Input for this task:
=== Section Start ===

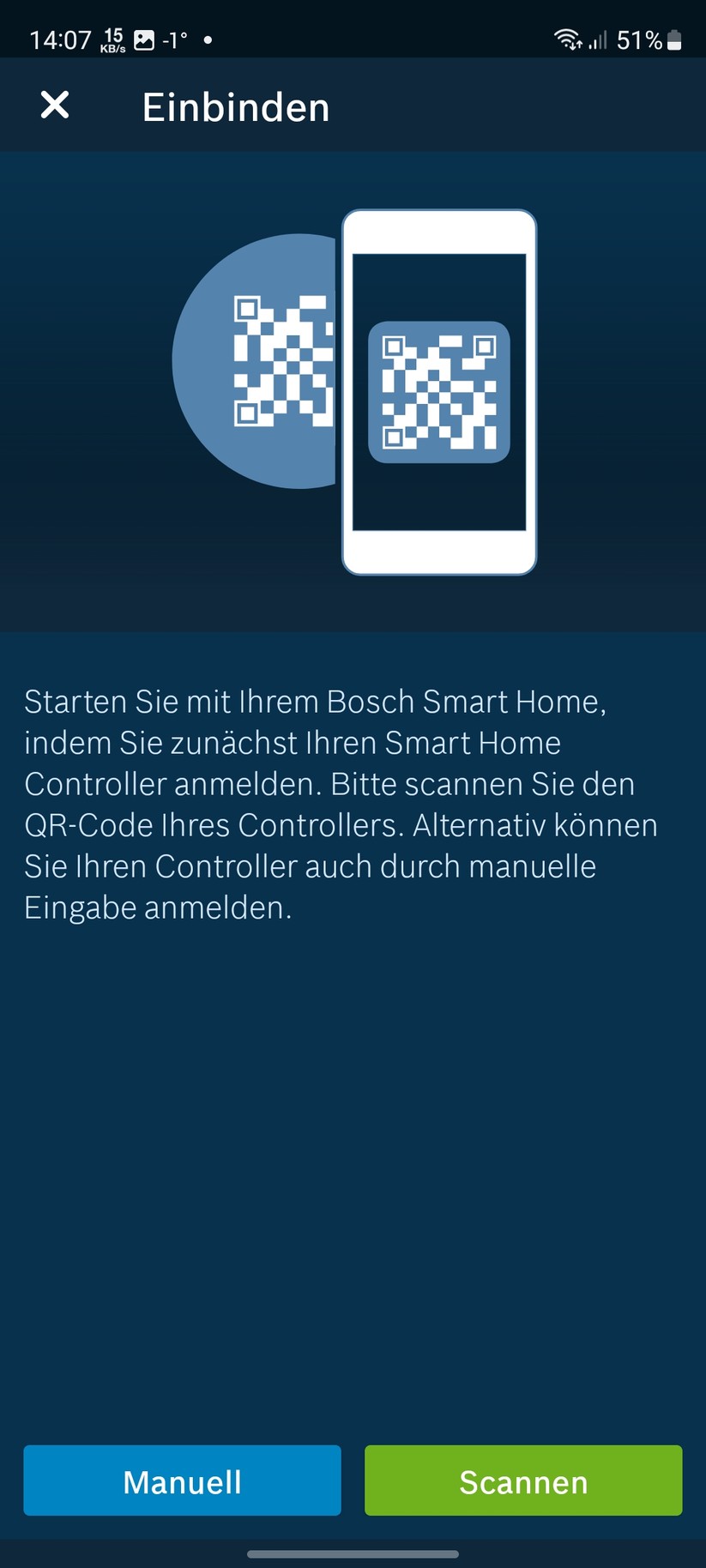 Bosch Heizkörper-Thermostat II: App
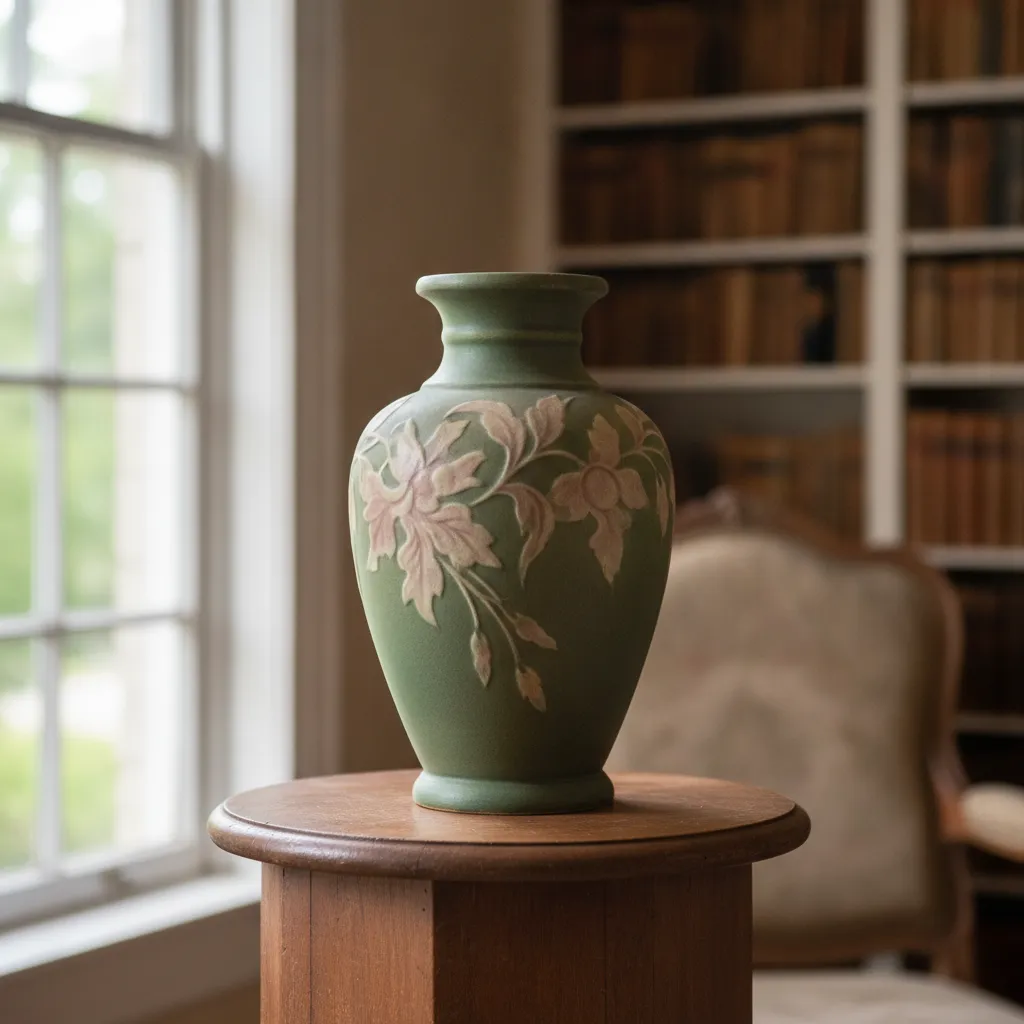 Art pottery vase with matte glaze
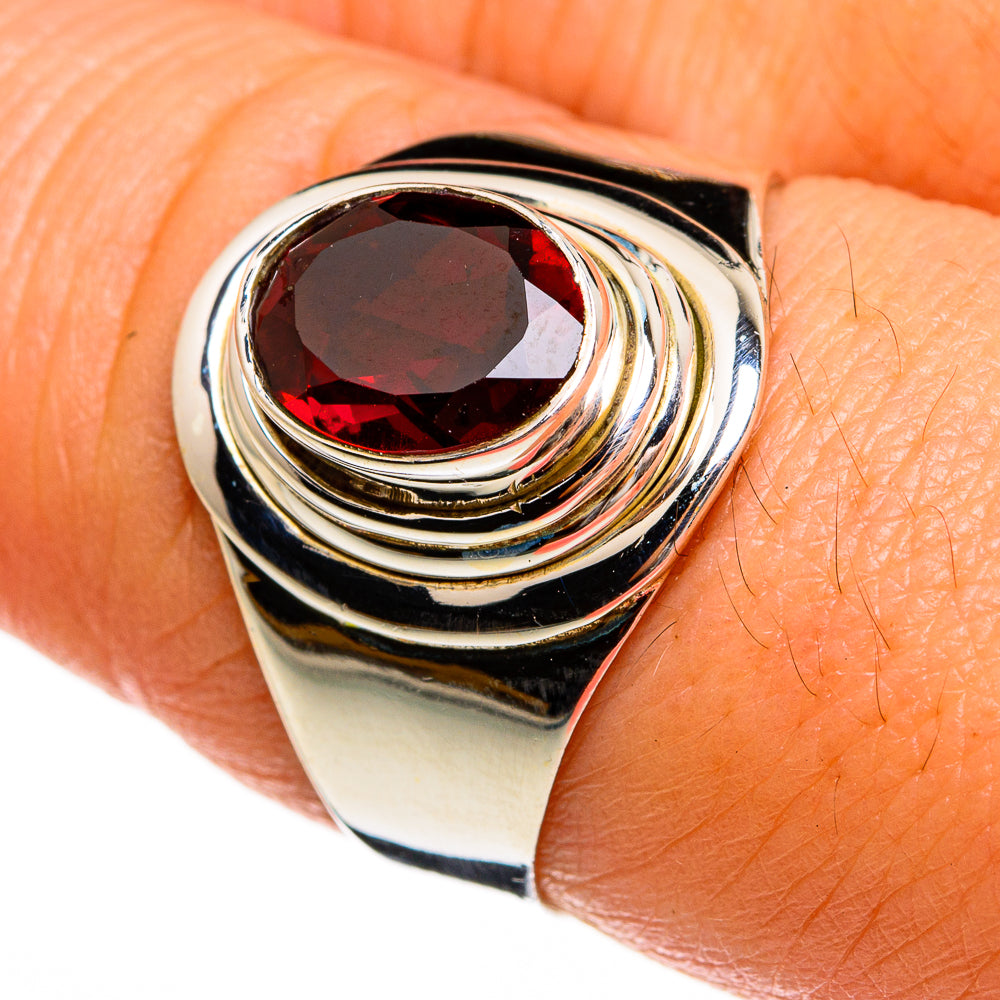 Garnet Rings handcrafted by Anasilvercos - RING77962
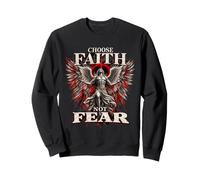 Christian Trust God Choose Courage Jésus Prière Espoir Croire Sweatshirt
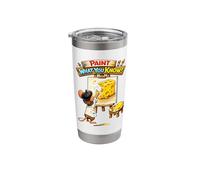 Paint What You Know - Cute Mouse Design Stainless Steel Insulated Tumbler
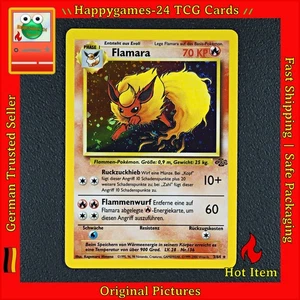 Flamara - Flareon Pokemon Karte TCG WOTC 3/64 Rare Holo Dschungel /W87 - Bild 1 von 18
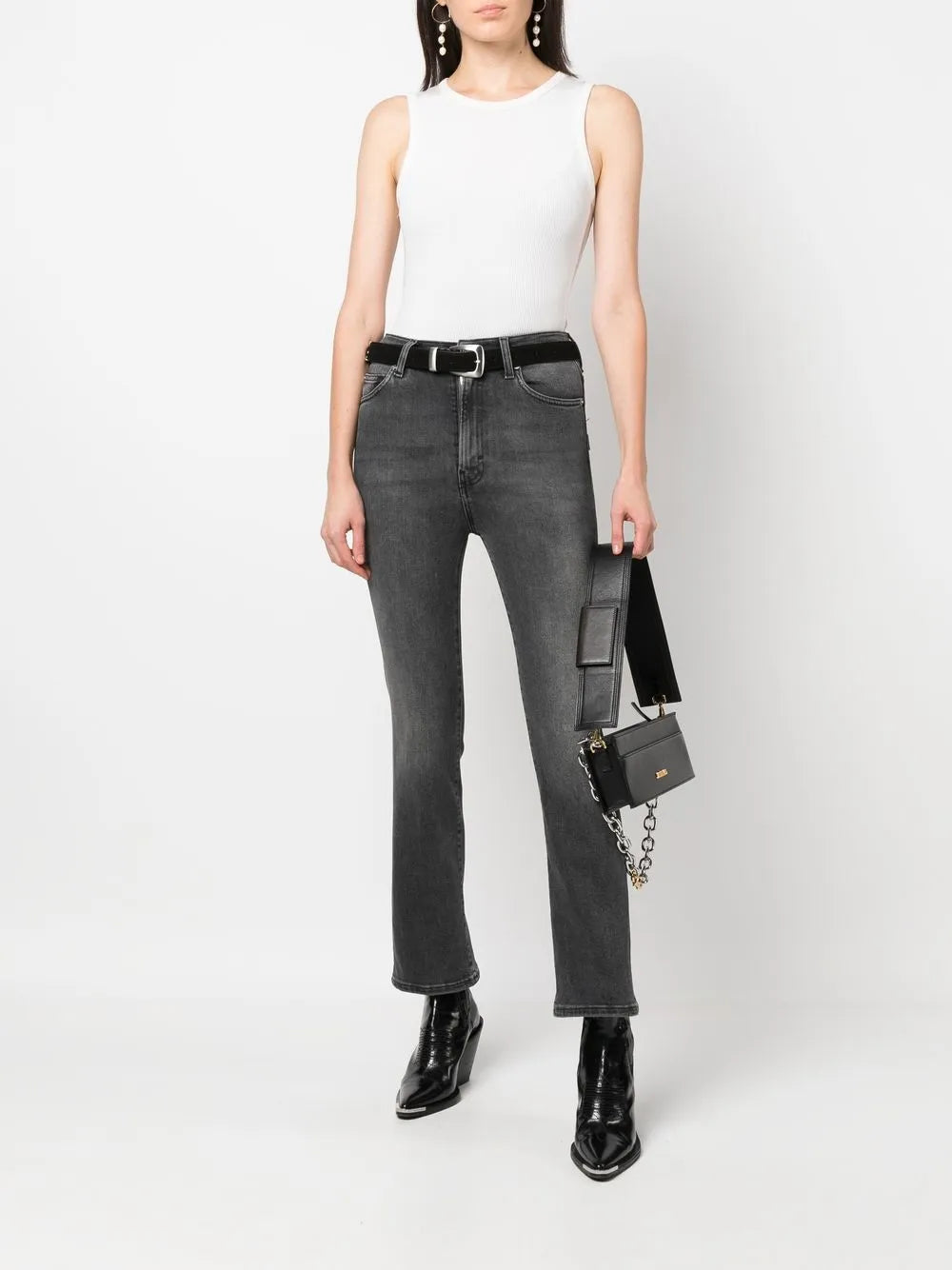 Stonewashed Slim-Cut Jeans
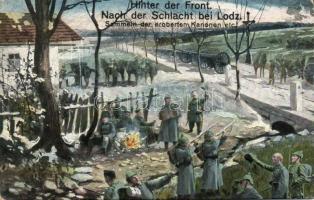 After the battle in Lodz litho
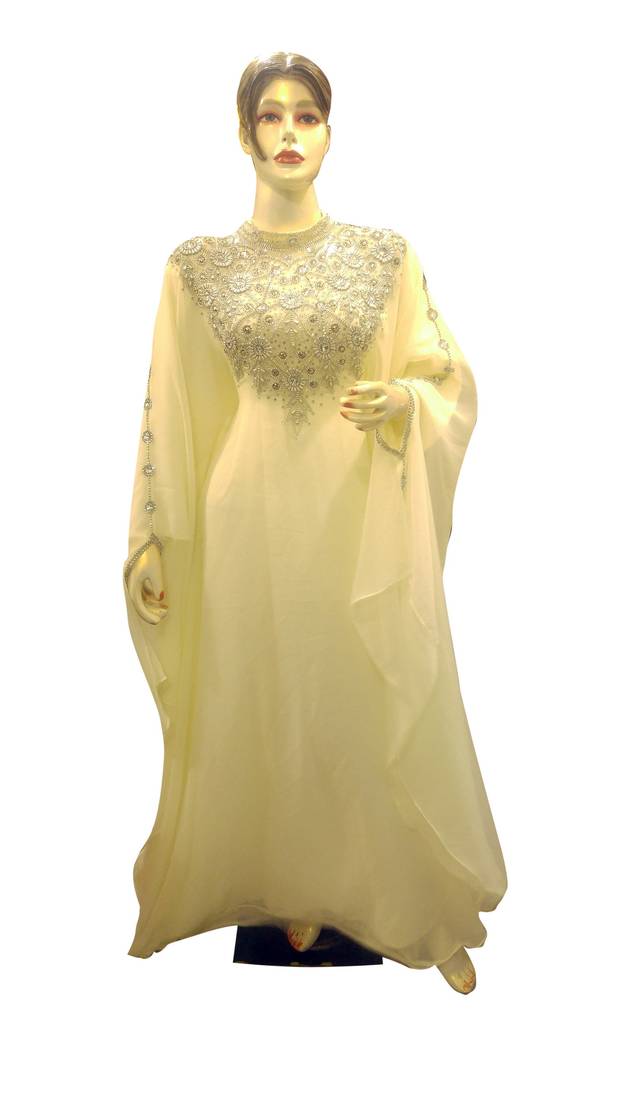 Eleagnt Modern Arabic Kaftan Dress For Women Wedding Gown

=== Section End ===

How to complete this task: Set down the complete material exactly, but do not include the images.

Solution:
 Bosch Heizkörper-Thermostat II: App
 Art pottery vase with matte glaze
 Garnet Rings handcrafted by Anasilvercos - RING77962
 Christian Trust God Choose Courage Jésus Prière Espoir Croire Sweatshirt
 Paint What You Know - Cute Mouse Design Stainless Steel Insulated Tumbler
 Flamara - Flareon Pokemon Karte TCG WOTC 3/64 Rare Holo Dschungel /W87 - Bild 1 von 18
 Stonewashed Slim-Cut Jeans
 After the battle in Lodz litho
 Eleagnt Modern Arabic Kaftan Dress For Women Wedding Gown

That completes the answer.